Source records
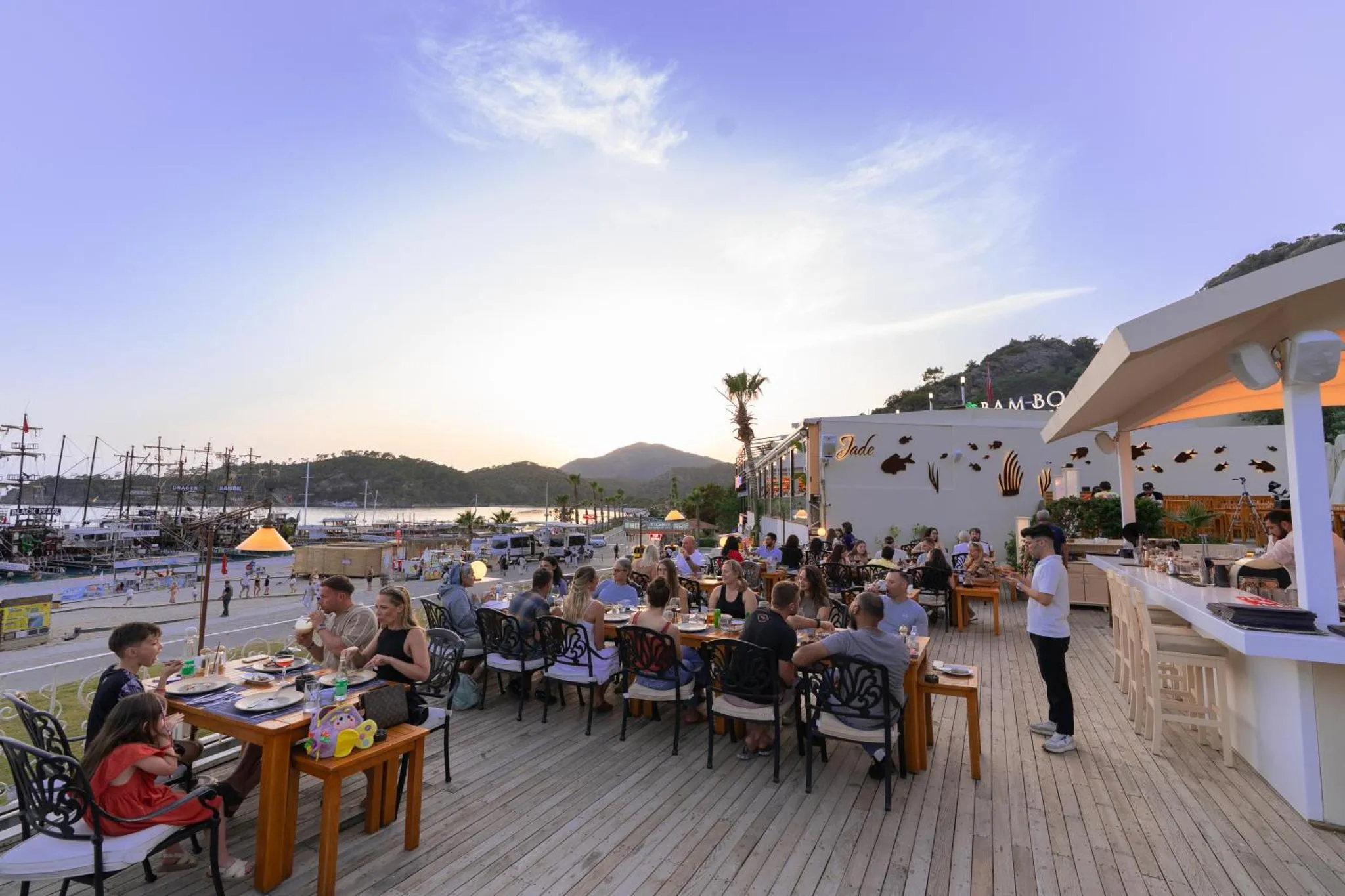 Une terrasse de restaurant animée avec des clients attablés face à la mer au coucher du soleil.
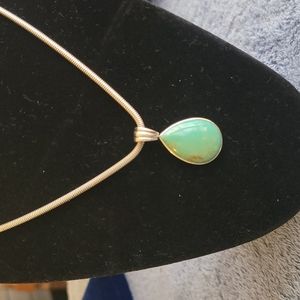 Sterling Silver Pendant. Looks like turquoise stone. Chain not included.
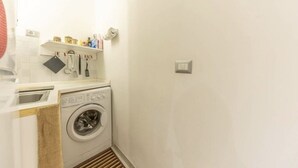 A compact laundry area with a washing machine, a drying rack, and a shelf with toiletries. - Delightful little house to discover the truest and most popular Rome in the heart of Pigneto (Roma RM)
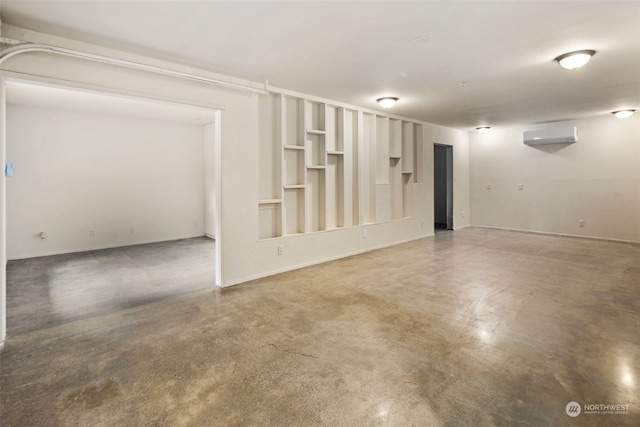 empty room featuring built in shelves, concrete flooring, and an AC wall unit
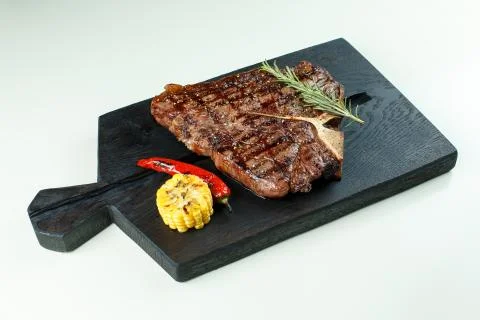 Meat steak on the board Stock Photos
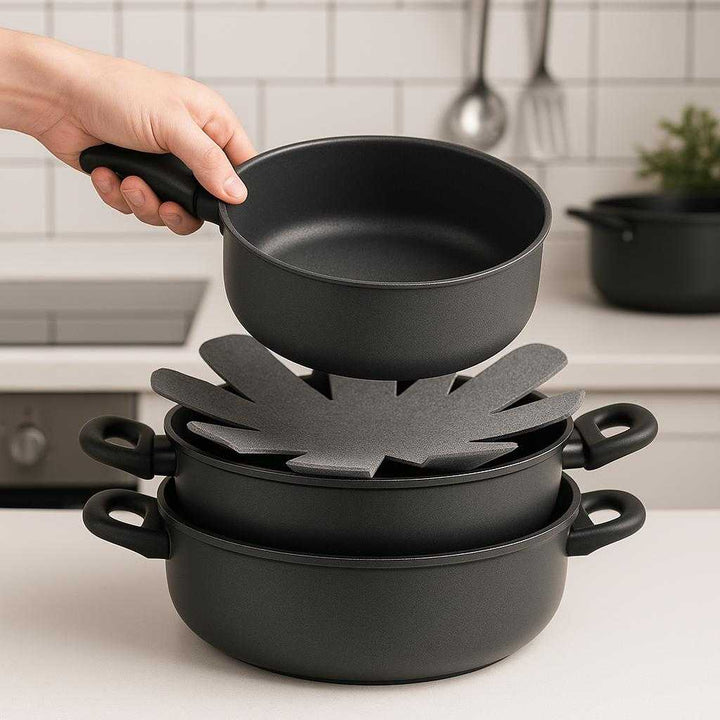 Grydeskåner i Filt - Professionel Beskyttelse til Gryder og Pander med Blomsterformet Design. A set of flower-shaped felt pot protectors neatly stacked between non-stick pots and pans in a sleek, modern kitchen to prevent scratching, while a pot is being lifted from the stack.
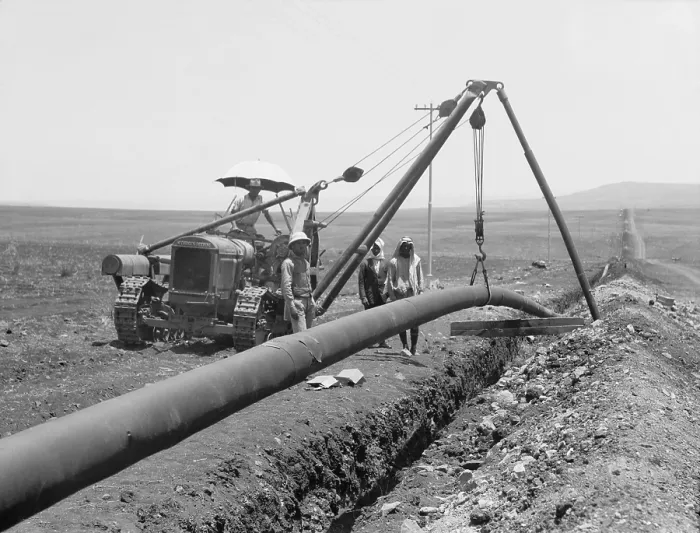Framed Print : Dropping a welded pipe into a trench with a crane while laying the Iraq Petroleum Company's pipe line across Palestine's Plain of Esdraelon, July 1933 Framed Print : Dropping a welded pipe into a trench with a crane while laying the Iraq Petroleum Company's pipe line across Palestine's Plain of Esdraelon, July 1933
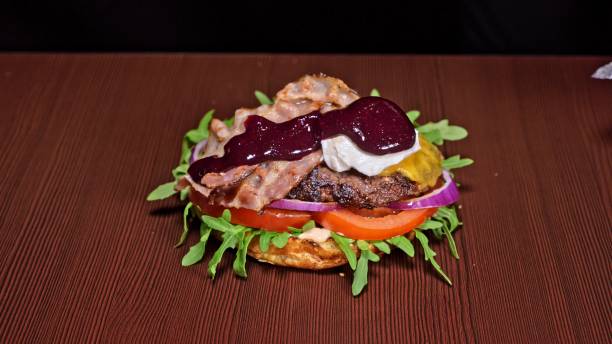 istock Craft burger is cooking on black background. Consist: sauce, arugula, tomato, onion, bacon, currant sauce, ricotta cheese, air bun and marble meat. 1311385196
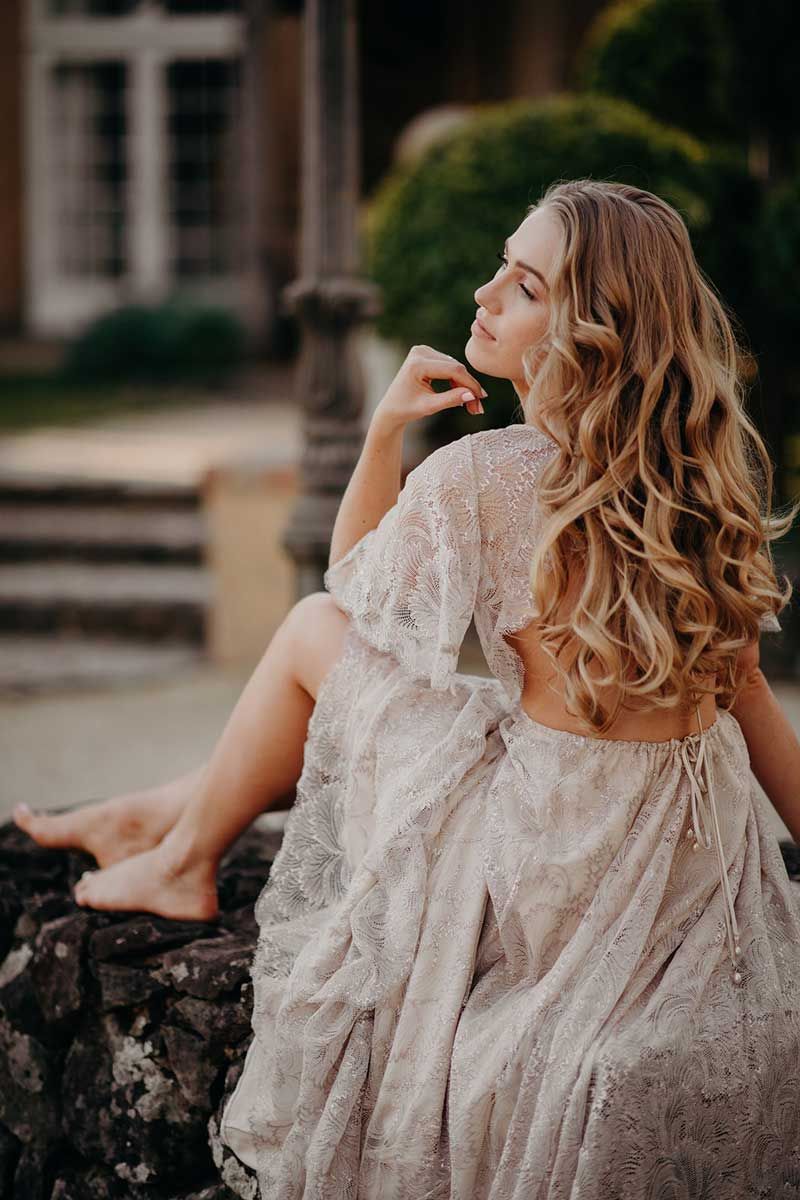 A woman in a white dress is sitting on a rock.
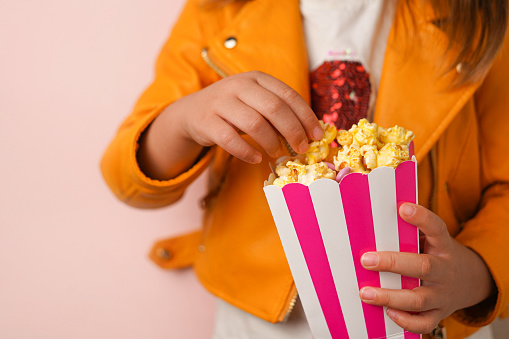 The girl is eating caramel popcorn from Striped carton bucket, close-up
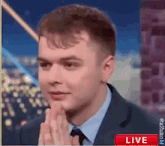 a man in a suit and tie is making a funny face while talking on a live television show .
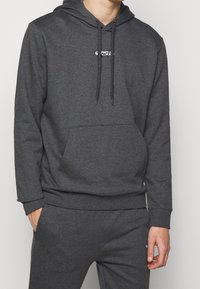 Felpa grigia con cappuccio, tasca frontale, cordini e dettaglio del logo. Realizzata in un tessuto morbido con polsini e orlo a costine.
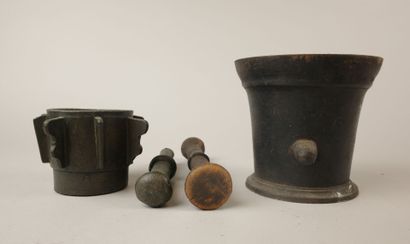 Two mortars and their pestles, one cast iron...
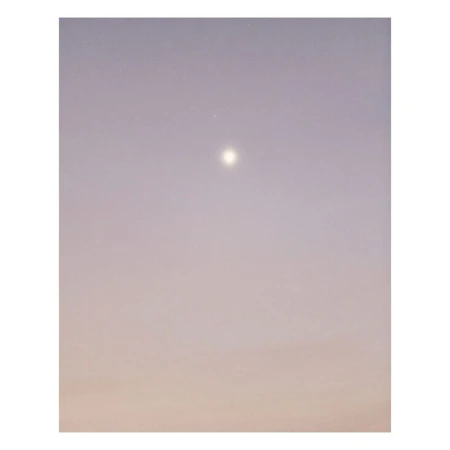 Sky at dusk with soft gradient of colors. Gradient from pale orange at the bottom to soft violet at the top with a bright celestial orb.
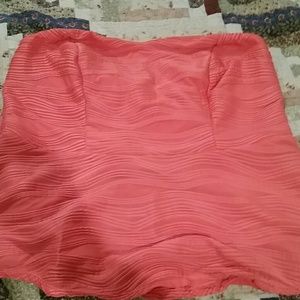 Strapless orangish, coral in color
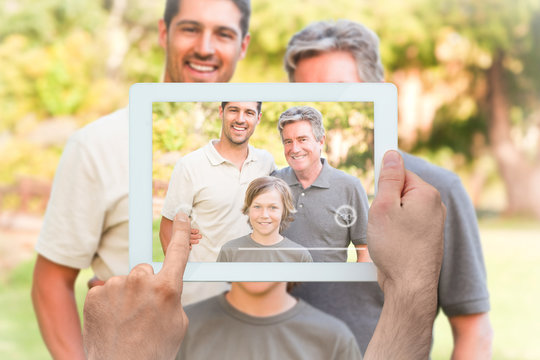 Hand holding tablet pc showing family looking at the camera in the park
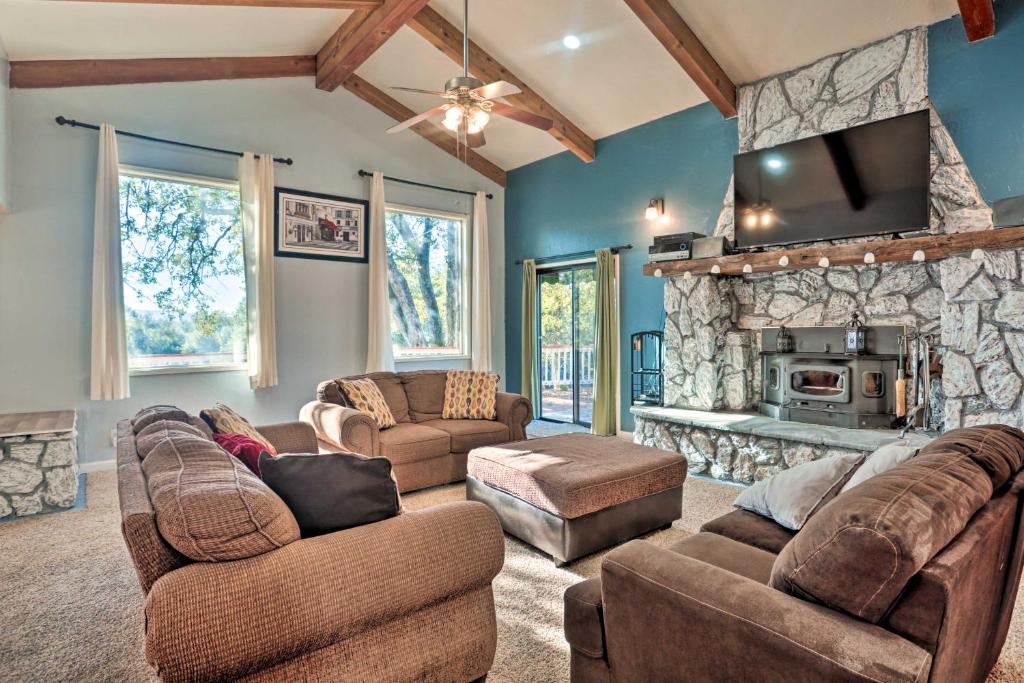 ein Wohnzimmer mit Sofas und einem Steinkamin in der Unterkunft Yosemite Home with Deck Less Than 4 Mi to Bass Lake! in Oakhurst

Task goal
Nothing but the lines from the one containing "Strapless orangish, coral in color" through the end of the listing is to be output, and those lines are to be output exactly, pictures excluded.

Answer space
 Strapless orangish, coral in color
 Hand holding tablet pc showing family looking at the camera in the park
 ein Wohnzimmer mit Sofas und einem Steinkamin in der Unterkunft Yosemite Home with Deck Less Than 4 Mi to Bass Lake! in Oakhurst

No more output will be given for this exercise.